:: Task directions ::
Give the data again exactly as it appears, excluding any pictures.

:: Recorded data ::
_ _ _ _ _
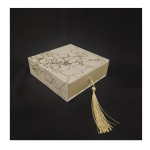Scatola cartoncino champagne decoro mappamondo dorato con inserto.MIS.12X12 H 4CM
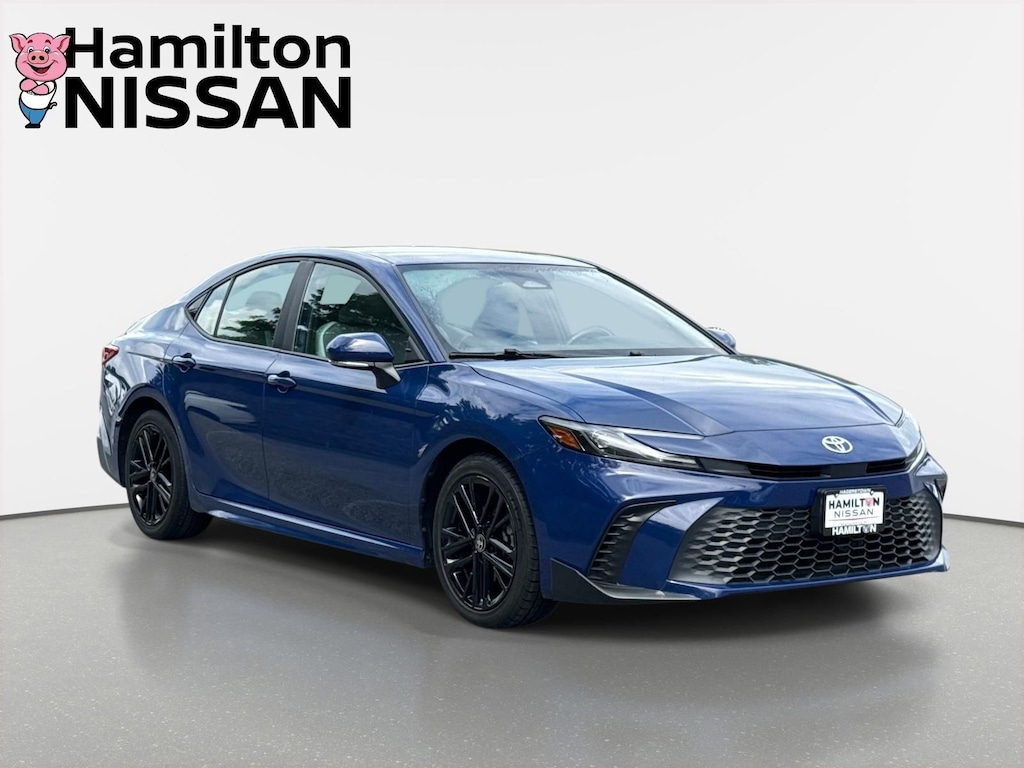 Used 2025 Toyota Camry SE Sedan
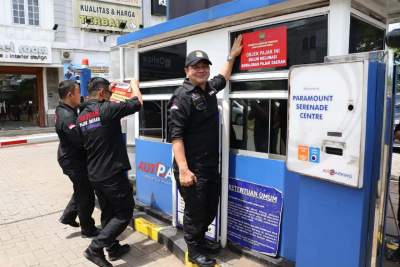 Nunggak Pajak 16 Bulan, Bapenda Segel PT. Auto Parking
_ _ _ _ _
:: Reply to the task ::
Scatola cartoncino champagne decoro mappamondo dorato con inserto.MIS.12X12 H 4CM
 Used 2025 Toyota Camry SE Sedan
 Nunggak Pajak 16 Bulan, Bapenda Segel PT. Auto Parking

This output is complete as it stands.